Group 3 and Group 1 were used to verify the effect of the ambiguity of postures on robots’ emotion expression. Defining the emotions chosen by most participants as the correct emotions, we got the accuracy of the recognizing emotion for each posture of NAO which was the sample for T-test. The result of normality test is shown in Table 3. The first row is for Group 3 and the second row is for Group 1. The statistics of these two groups are normally distributed since Sig.>0.05. Then T-test could be conducted and its result is shown in Table 4. In the Levene’s test, Sig. is larger than 0.05, suggesting that two samples have similar variances. The Sig. in the first line is less than 0.05, so we can conclude that the accuracies of these two group are significantly different. According to the box plot depicted in Fig. 4, the non-ambiguous group have higher accuracies of the emotion expression than the ambiguous group generally.
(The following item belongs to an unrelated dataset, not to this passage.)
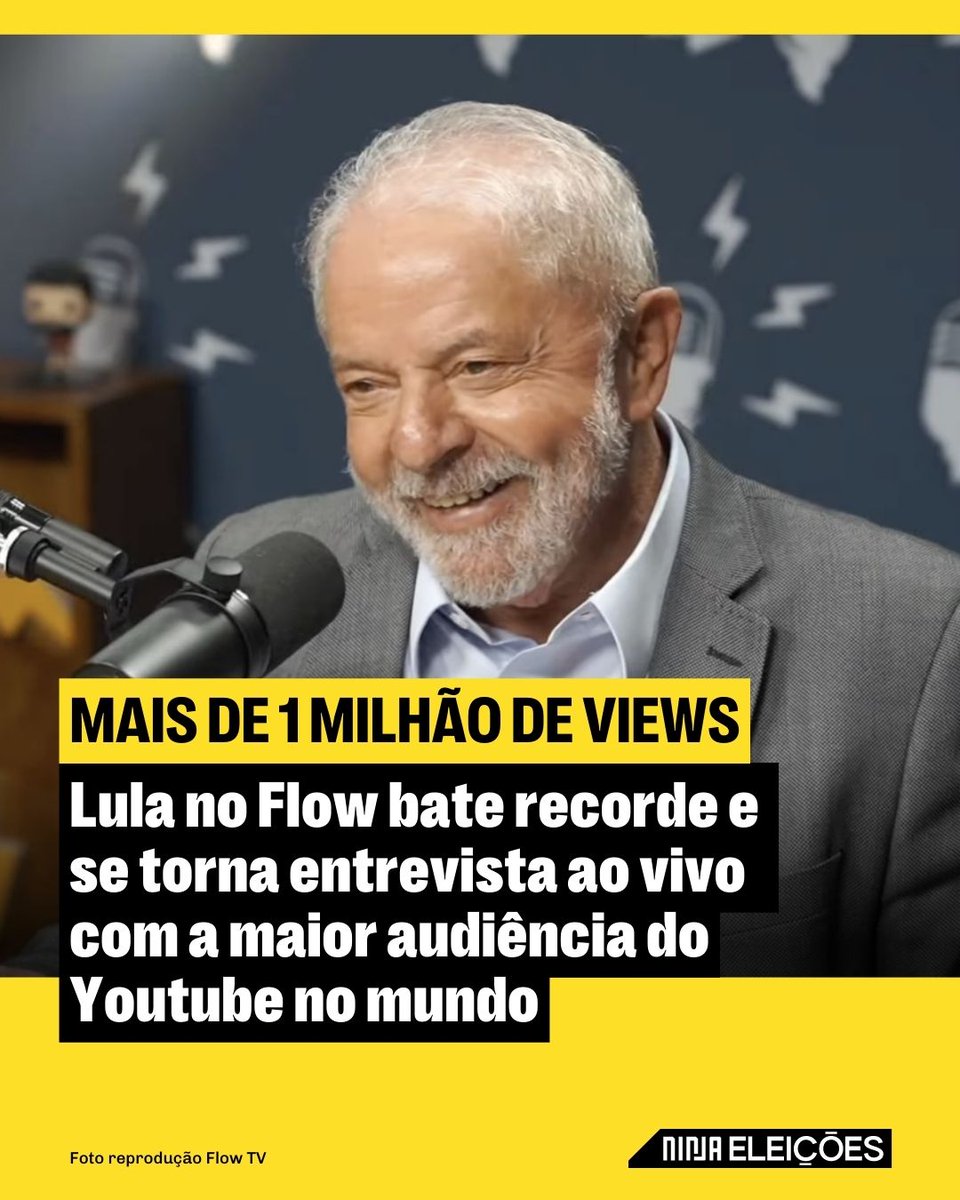MidiaNINJA's tweet photo. Recorde mundial! A entrevista de Lula no Flow rendeu marcas históricas para o ex-presidente. Com mais de 1 MILHÃO de pessoas assistindo simultaneamente o programa, essa é a entrevista ao vivo com a maior audiência da história do YouTube em todo o mundo!
#LulaNoFlow https://t.co/oNDM64QYd4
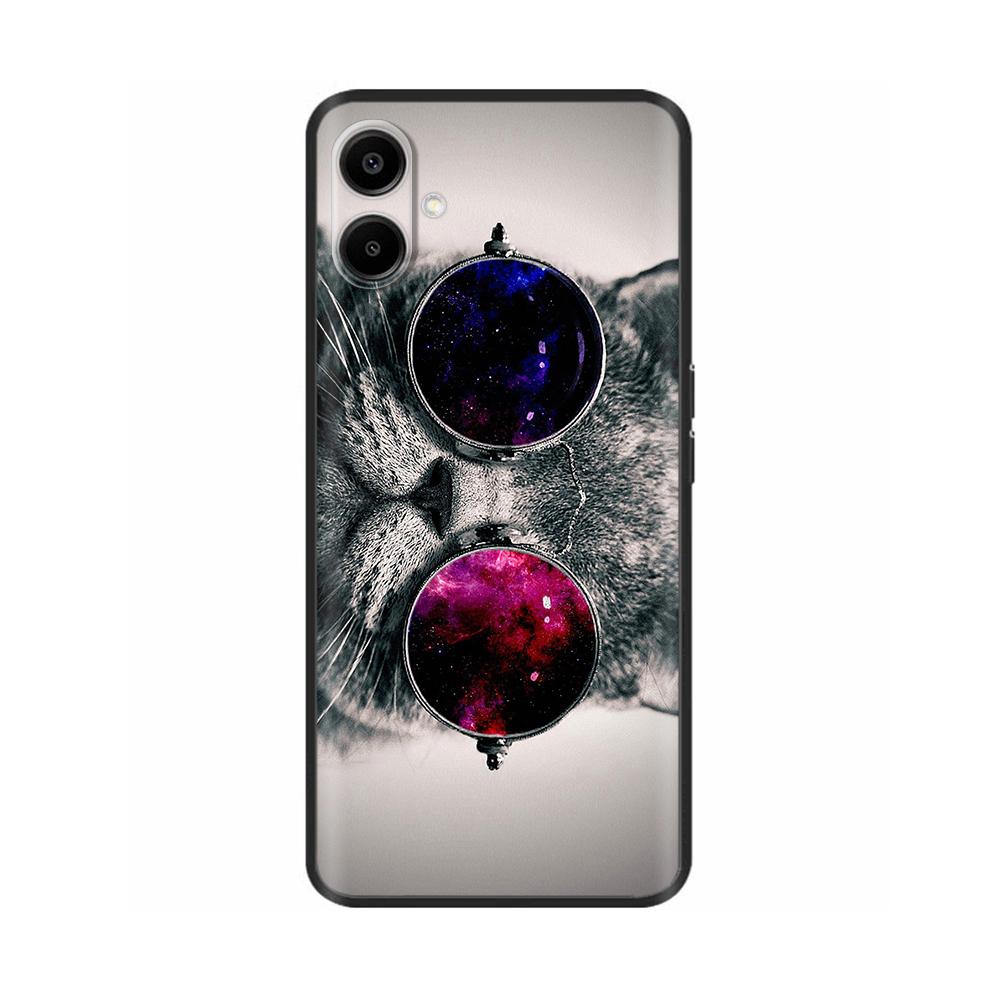 For Samsung Galaxy A06 Back Cover Soft Black Print Silicone Bumper Phone Case for Samsung Galaxy A06 A05 A04 Cases Fundas Coque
Table 3. The result of normality test in experiment 1.
Table 4. The result of T-test in experiment 1.
Fig. 4.
figure 4

The box plot for Nao’s postures with ambiguity (Group1, on the right) and without ambiguity (Group3, on the left).

4.3 Experiment 2: Verification of Joint Limits

Group 3 and Group 2 were used to verify whether joint limits affect the emotion expression of the robot. Before verification, we should make sure that there is no significant difference between the accuracies of the emotion expressions of human’s postures corresponding to these two groups of NAO’s postures. Similar to experiment 1, normality test and T-test were conducted and the results are shown in Tables 5 and 6. Two groups of samples obey the normal distribution and the accuracies of these two groups are basically the same according to the results which suggested that the postures of the samples are similarly not ambiguous. The corresponding box plot is depicted in Fig. 5(a).

Table 5. The result of normality test for human’s postures in experiment 2.
Table 6. The result of T-test for human’s postures in experiment 2.
Fig. 5.
figure 5

Box plots in experiment 2 (Group 3 on the left, Group 2 on the right).

Then normality test for the accuracies of these two group was conducted and its result in Table 7 shows that the data of these two groups are not normally distributed. Therefore, nonparametric test was adopted instead of T-test. In SPSS, Mann-Whitney U test, one method of nonparametric test, was conducted automatically. The result in Table 8 shows that the null hypothesis is rejected, in other words, the accuracies of emotional expressions of the group with joint limits are significantly different from those of the group without joint limits. According to Fig. 5(b), the accuracies of emotion expressions of the group without joint limits are generally higher than the group with joint limits.

Table 7. The result of normality test for Nao’s postures in experiment 2.
Table 8. The result of Mann-Whitney U test for Nao’s postures in experiment 2.

5 Conclusions

In this paper, the questionnaire survey and hypothesis testing were conducted to investigate what factors may affect the emotion expression of robot’s postures. First the emotional postures library was established by searching pictures on the Internet. After removing the face of the people in the pictures and only reserving the body postures, Nao robot was controlled to make the same postures so that we got 42 human’s postures and 42 Nao’s postures. Then two questionnaire surveys were conducted to investigate the volunteers’ recognition of the emotions expressed by human’s and Nao’s postures. By analyzing the statistic results, we made hypotheses that the ambiguity of postures and robots’ joint limits affect the emotion expression of robot’s postures and the assumptions were verified by hypothesis testing. The result shows that the hypotheses are tenable. Besides, the emotion can be conveyed more correctly without the ambiguity of postures and joint limits. Hence, these two factors should be avoided in practical application.